Somewhere in this reverie, I ended up with a lot of dirtbag party leftovers and some friends to feed breakfast to. As a newly minted breakfast journalist, the pressure was on. I mean, if I didn’t whip together something, then I’m sure we would have just gotten drive-thru or something, but (in a Matthew McConaughey voice) my reputation was at stake, man. And so, I texted my new colleague Kat Kinsman about how to assemble a breakfast casserole from the following ingredients: stale Bud Light, eggs, bread, cheese, Jimmy Dean sausage, assorted tater tots, and a bag of Doritos.
In my closest approximation of memory, after text message consultation with Kat, that genius of party leftovers, I made a casserole that was something like this: Line bottom of pan with a few slices of bread soaked in Bud Light. On top of that, scatter a layer of Jimmy Dean sausage, then tater tots. Do you have leftover bagel bites? That’s cool, throw them in. Whip up some eggs (Four? Six? I don’t live your life) with a little milk and pour that all over the whole concoction. Some cheese was involved somehow? I think either between the sausage and the tots or on top of everything? And finally, crush up some Doritos, or take a scoop of the Doritos shake from the bottom of the bag, and sprinkle it on top of the whole thing. Bake at 350 for like, 40 minutes depending on your oven. Just check on it and make sure the egg is setting and the cheese is melting and all that jazz. And then behold: Dirtbag Lakehouse Breakfast Casserole. It’s delicious. I swear.

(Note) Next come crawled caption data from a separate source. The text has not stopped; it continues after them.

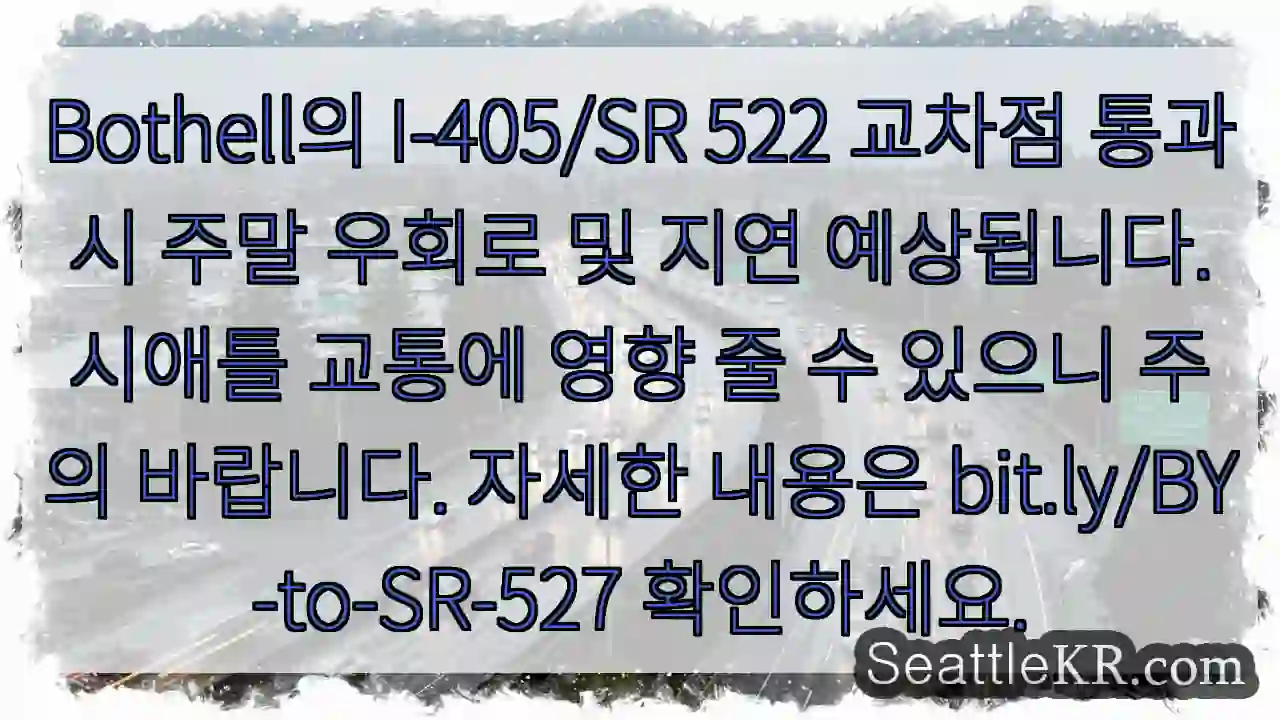 주간 우회로 예상! 주의필요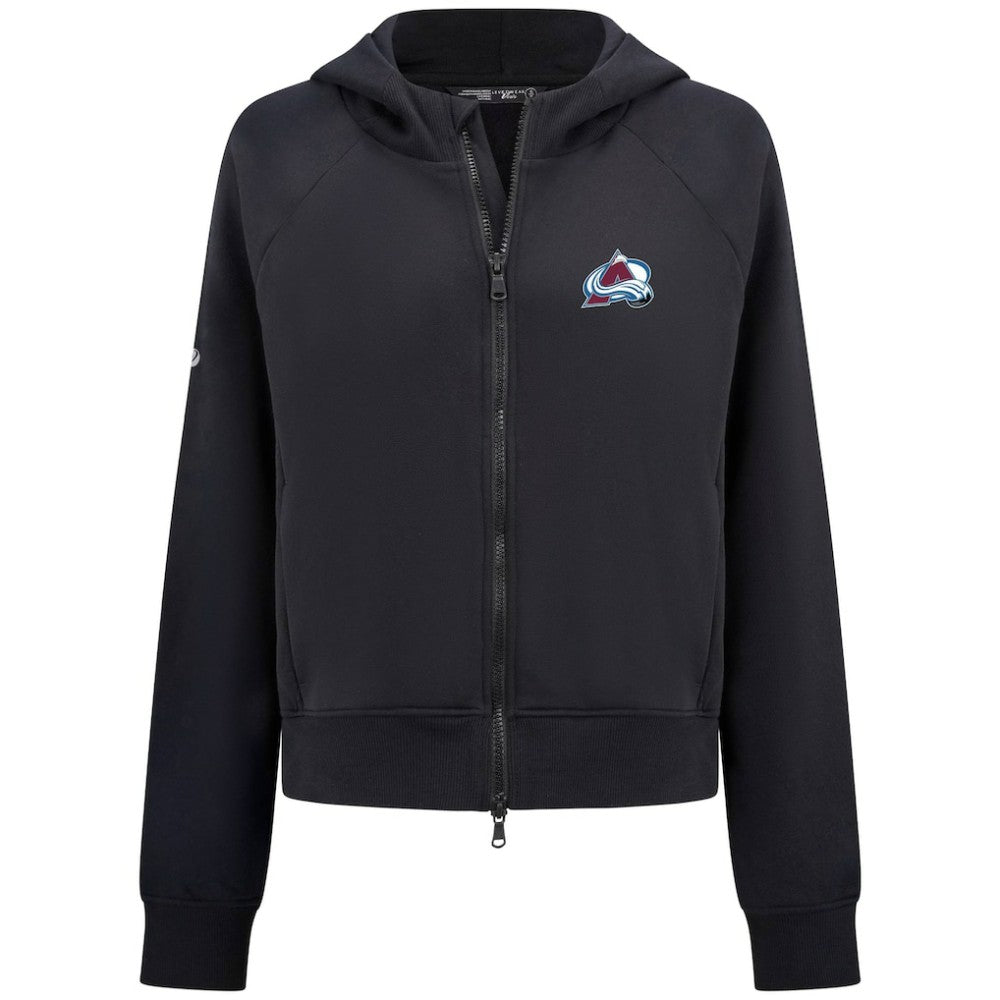 NHL Black Colorado Avalanche Levelwear Women's Judd Raglan Full-Zip Hoodie
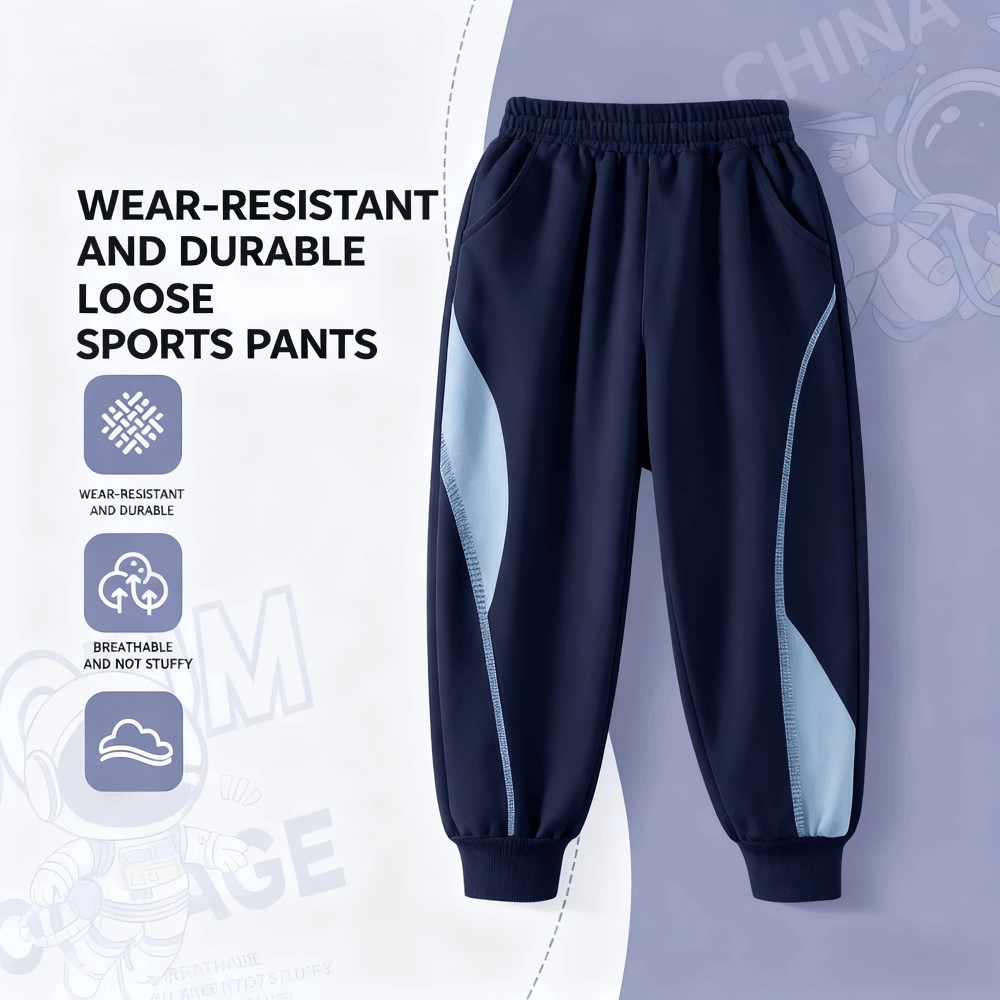 Kids Loose Jogger Pants with Elastic Waistband - SF3739 in navy with patchwork design and breathable fabric for active use.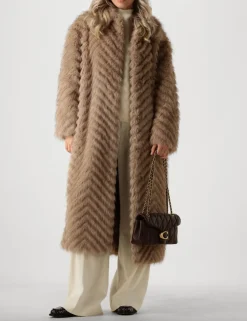 beige stand studio faux fur jas wynther coat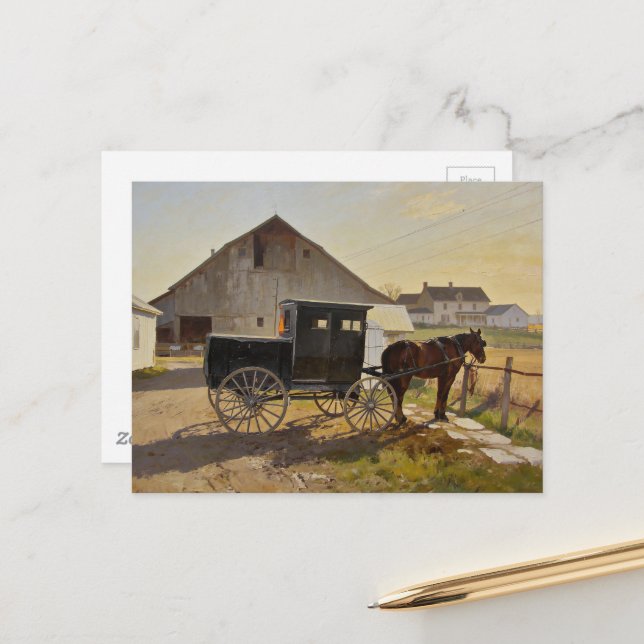 Carte Postale Peinture de cheval et buggy Amish (Devant/Arrière en situation)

But because Kat knows things about actual recipes and has wizard-like qualities that allow her to transform Mountain Dew into jelly and a pig’s head into dreams, probably she should actually give you the recipe. It is, from the bottom of our hearts, the best gift we could give to you this holiday season.
Dirtbag Lakehouse Breakfast Casserole
- Yields: Whatever you need, man
- Cook Time: 45 minutes
Preheat the oven to 350 F. Find a casserole pan. It doesn’t have to be a nice one or have blue flowers on it unless you are the Queen of Fancyland or something. Foil will do. If you have butter or cooking spray, grease that baby up.

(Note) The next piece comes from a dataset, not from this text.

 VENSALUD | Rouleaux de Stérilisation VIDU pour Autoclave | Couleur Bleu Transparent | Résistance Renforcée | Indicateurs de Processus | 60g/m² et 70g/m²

Soak the tater tots (cooked, or at least thawed) or bread or bagels or whatever in beer in a bowl. No beer? Sad. Ginger ale will do or even a half-dead Coke. Just make sure it all gets a little soggy but not actually falling apart. Fish out the solids with a spoon (slotted if you’ve got one) and put them in the casserole pan. Season with salt and pepper, then sprinkle in the meat—could be sausage, bacon, ham, bologna, burger, Slim Jims—whatever’s on hand. Just make sure it’s cooked beforehand.
In a bowl (Maybe rinse out the beer bowl? Maybe leave the beer in there like a genius?), whip together some eggs and milk until they’re thoroughly incorporated, then pour it over the meat and carbs. This is what by law makes it a breakfast casserole. Dollop with salsa if you have some handy.

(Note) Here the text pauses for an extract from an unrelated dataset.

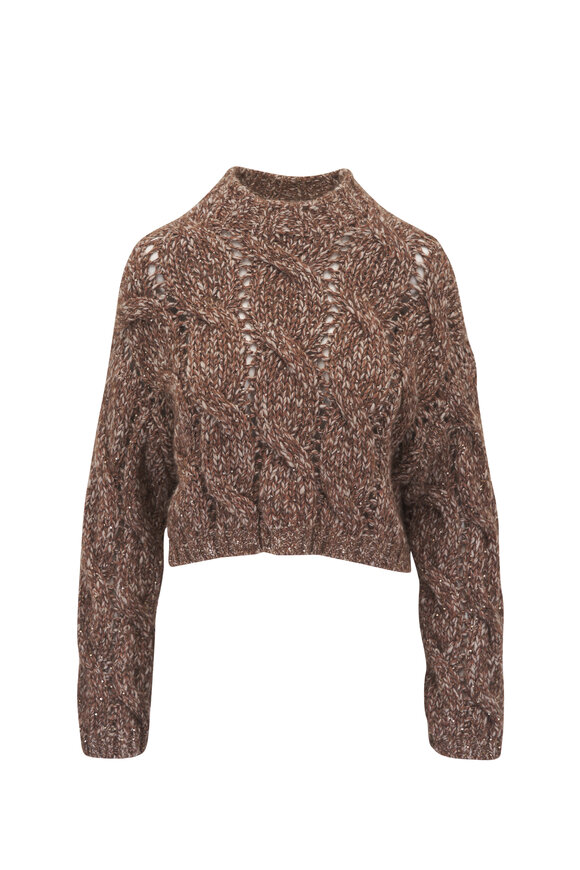 Brunello Cucinelli Marbled Brown Cable Knit Sweater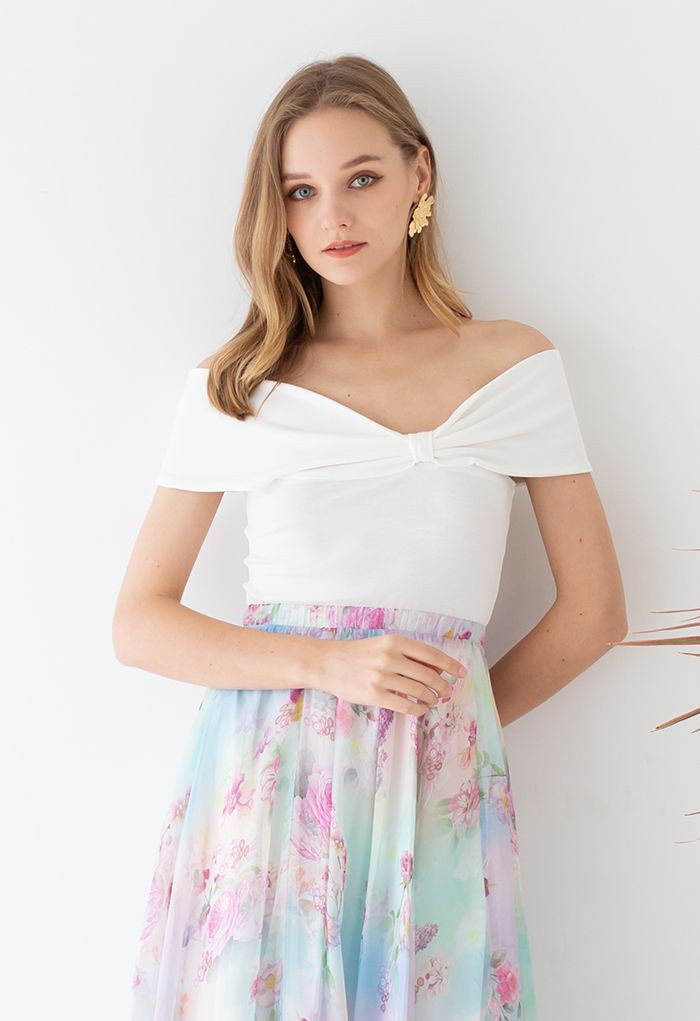 Side Knot Off-Shoulder Fitted Top in White | Chicwish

Got cheese? Great! Grate it (if it’s American cheese, slice it, and by the way, you rock) and scatter it lavishly over the top of the muck below. Then crush a crap-ton of chips and sprinkle them on top, pressing them in gently if needed.
Slide the whole thing into the oven and after 20 minutes, see how it’s going. Look for a nicely browned top, and a center that’s not too squishy. Check back every 10 minutes or so until it’s done.
You could serve this in squares or just hand out forks and have some hot sauce nearby. As Margaret said, I don’t live your life.